You can read part 1 here, part 2 here, part 3A here, part 3B here, part 3C here, part 4A here, part 4B here, and part 4C here, and part 4D here, part 5 A here, part 5 B here, part 5 C here part 5 D here, and part 5 E here
An attack during moment number 2: Hijacks pre-blocktime.
The story doesn’t end here. The paper doesn’t describe the possibility of a pre-blocktime hijack.
So back to the paper. As explained: while making a transaction, your public key is exposed for at least the blocktime. For BTC this blocktime is 10 minutes. That is the period where your public key is visible and where, as described in the paper, a transaction can be hijacked, and by using quantum computers, a forged transaction can be made. So the critical point is determined to be the moment where quantum computers can derive private keys from public keys within 10 minutes. Based on that 10 minute period, they calculate (estimate) within how many years QC’s start forming a threat to BTC. (“ By our most optimistic estimates, as early as 2027 a quantum computer could exist that can break the elliptic curve signature scheme in less than 10 minutes, the block time used in Bitcoin.” This is also shown in figure 4 on page 10 of the paper and later more in depth calculated in appendix C, where the pessimistic estimate is around 2037.)
But before a miner selects a transaction and starts to work on a block, the transaction is added to the mining pool and waits there to be selected. This selection isn’t instant, and thus another window of opportunity to start working with the public key arises. Now in rush hours, transactions can be stuck in the pool for a while simply because transactions are piling up and the network can’t handle the amount of transactions fast enough. So at these times the window of opportunity could increase quite seriously and the time the public key is exposed is extended.
But you could also artificially extend that 10 minutes through network based attacks like DDoS, BGP routing attacks, NSA Quantum Insert, Eclipse attacks, or anything like that. (And I don’t mean you extend the block time by using a network based attack, but you extend the time you have access to the public key before the transaction is confirmed.) Bitcoin would be earlier at risk than calculated in this paper.
Also other Blockchains that hash their public keys, and which have way shorter block times, imagine themselves safe for a longer period than BTC. But with this extension of the timeframe within which you can derive the private key, they too will be vulnerable way sooner.
Not so long ago an eclipse attack demonstrated it could have done the trick.

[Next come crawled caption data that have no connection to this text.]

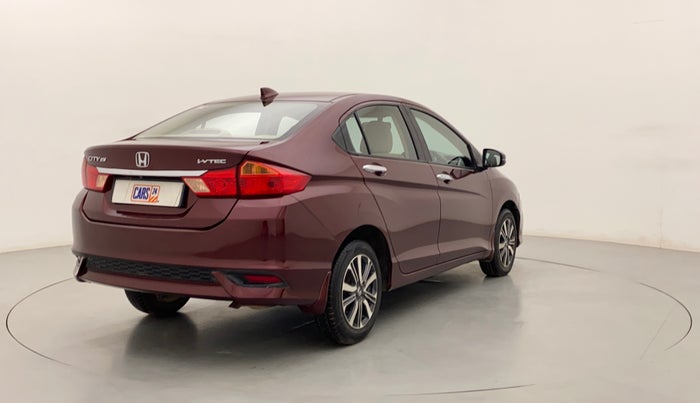 2017 Honda City 1.5L I-VTE V CVT, Petrol, Automatic, 33,410 km, Right Back Diagonal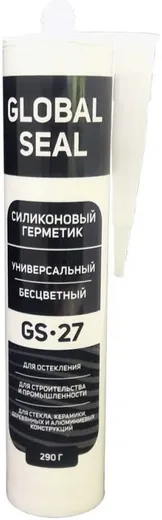 Global Seal GS 27 герметик cиликоновый универсальный Global Seal GS 27 герметик cиликоновый универсальный недорого с доставкой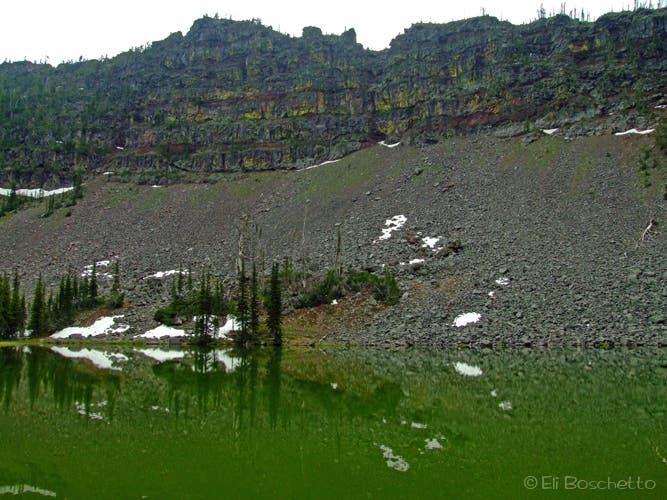 Upper Slide Lake None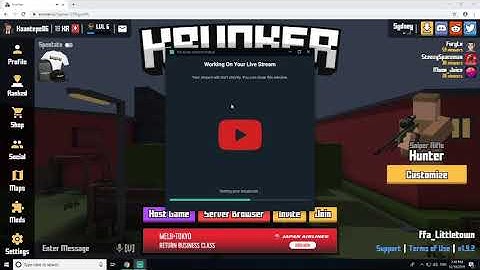 Krunker.io gameplay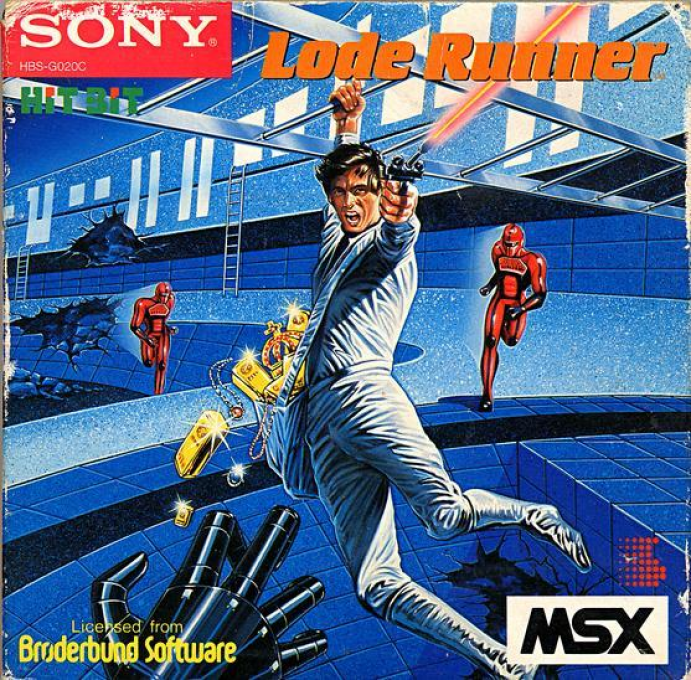 Lode Runner box art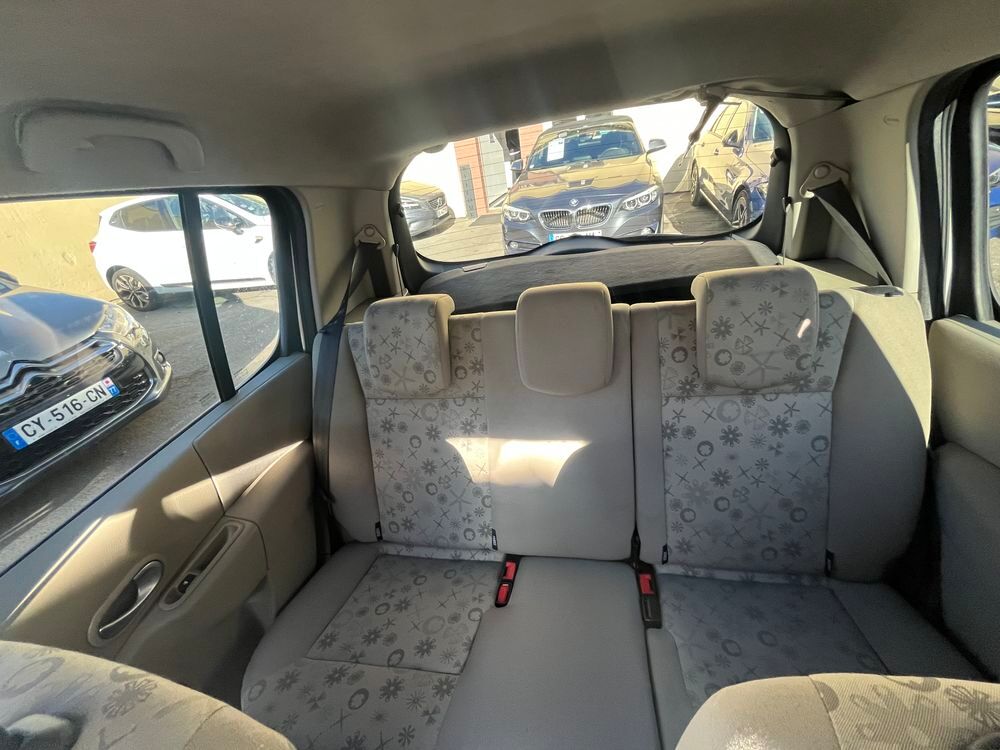 Modus 1.6 16V 110 Dynamique A 2009 occasion 77170 Brie-Comte-Robert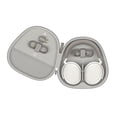 thumbnail image 3 of Sennheiser Consumer Audio Momentum 4 Wireless Headphones - Bluetooth Headset for Crystal-Clear Calls with Adaptive Noise Cancellation, 60h Battery Life, Customizable Sound - White ), 3 of 4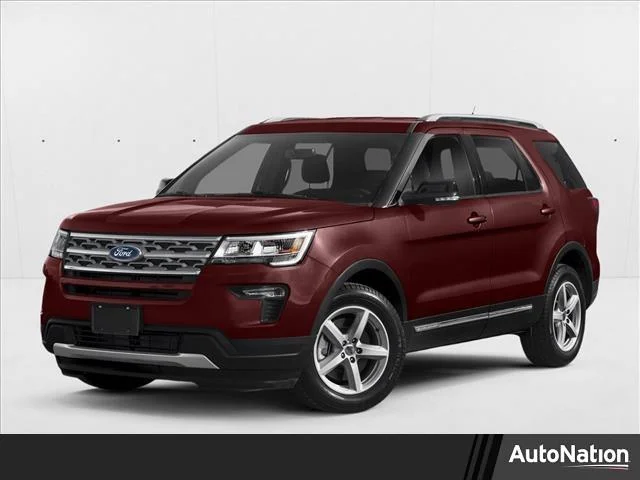 2018 Ford Explorer Platinum 4WD photo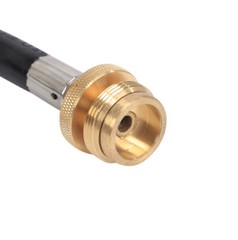6FT Propane Adapter Hose LP Tank 1lb to 20lb Converter For QCC1 Type Gas Grill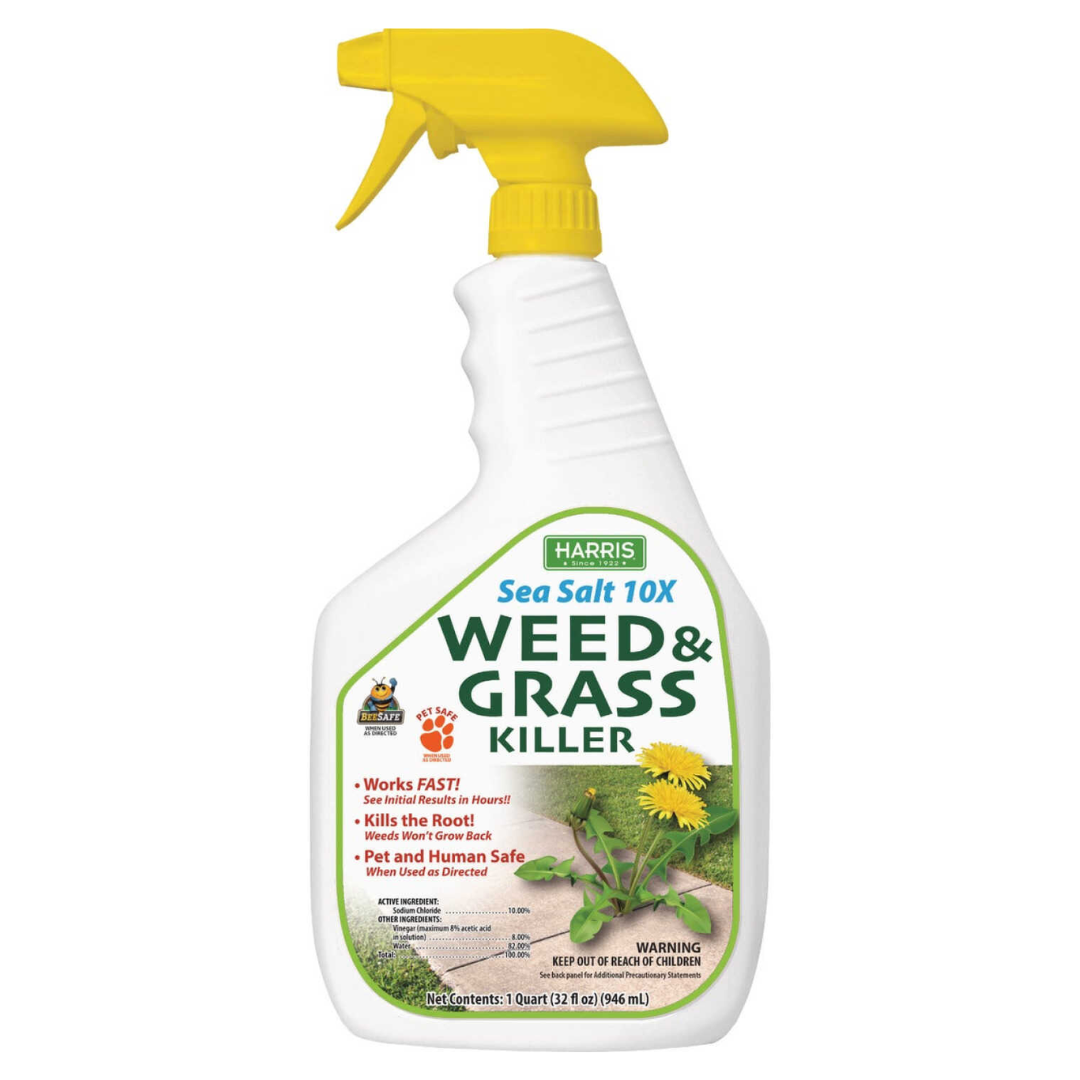 Sea Salt 10X Weed &amp; Grass Killer (32 oz) by Farmacias Savia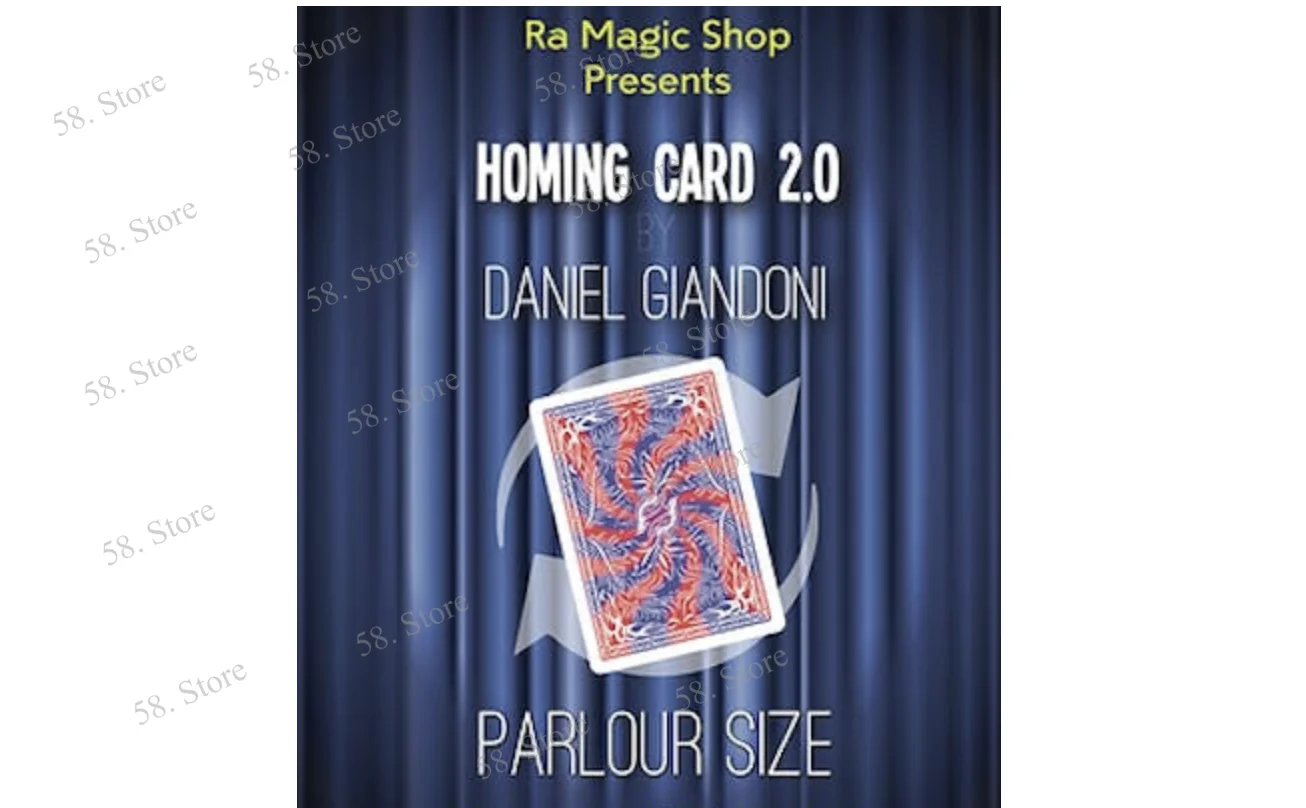 Homing Card 2.0 By Daniel Giandoni Magic tricks ( 58 Store Download )
Homing Card 2.0 By Daniel Giandoni Magic tricks ( 58 Store Download )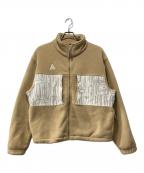 NIKE ACGナイキエーシージー）の古着「NSW ACG マイクロフリース ジャケット」｜ブラウン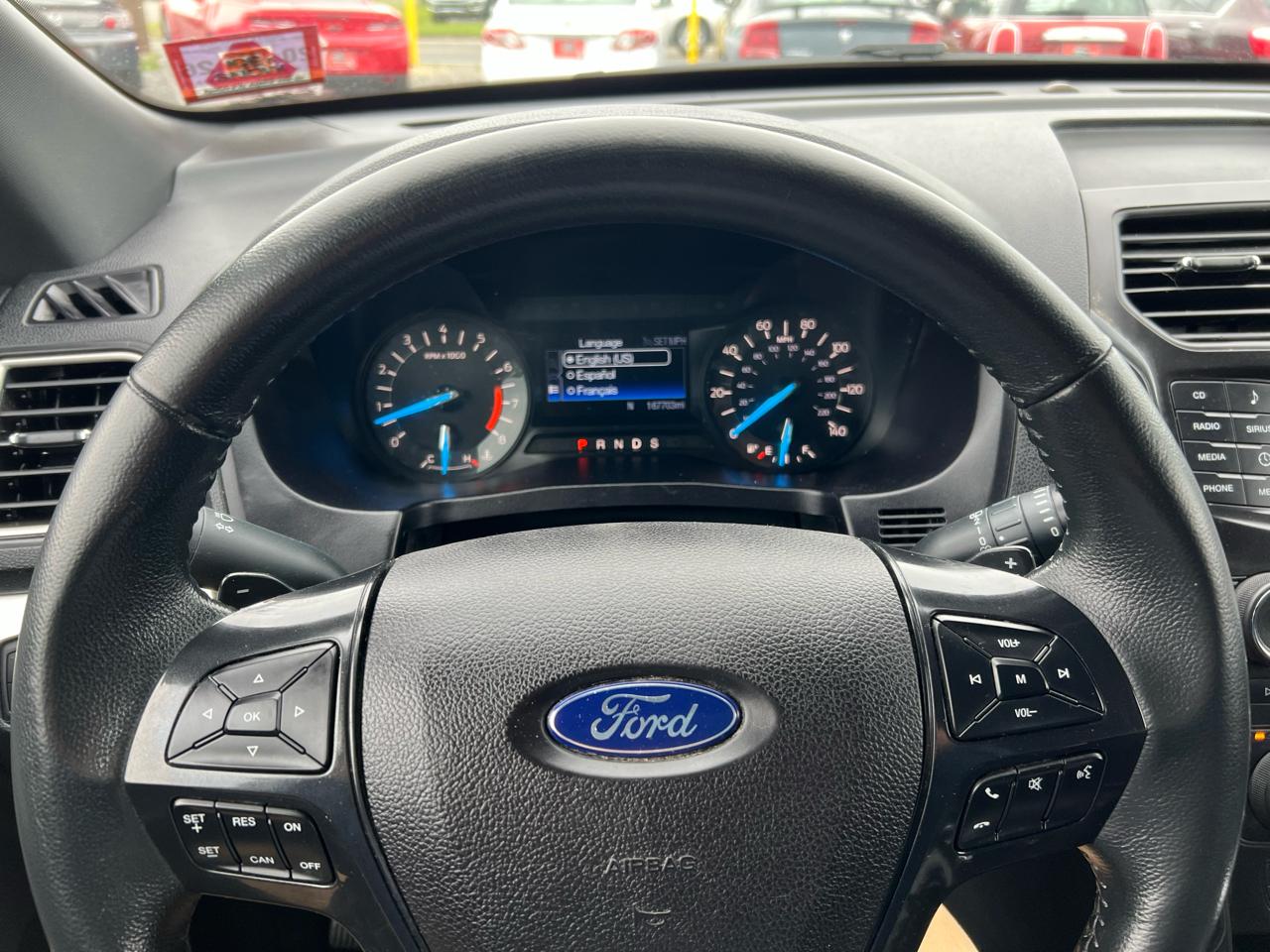 Ford Explorer 4dr XLT 4WD 2017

Here a paper on the eclipse attack. Causing the blockchain to work over max capacity, means the transactions will be waiting to be added to a block for a longer time. This time needs to be added on the blocktime, expanding the period one would have time to derive the private key from the public key.
That seems to be fixed now, but it shows there are always new attacks possible and when the incentive is right (Like a few billion $ kind of right) these could be specifically designed for certain blockchains.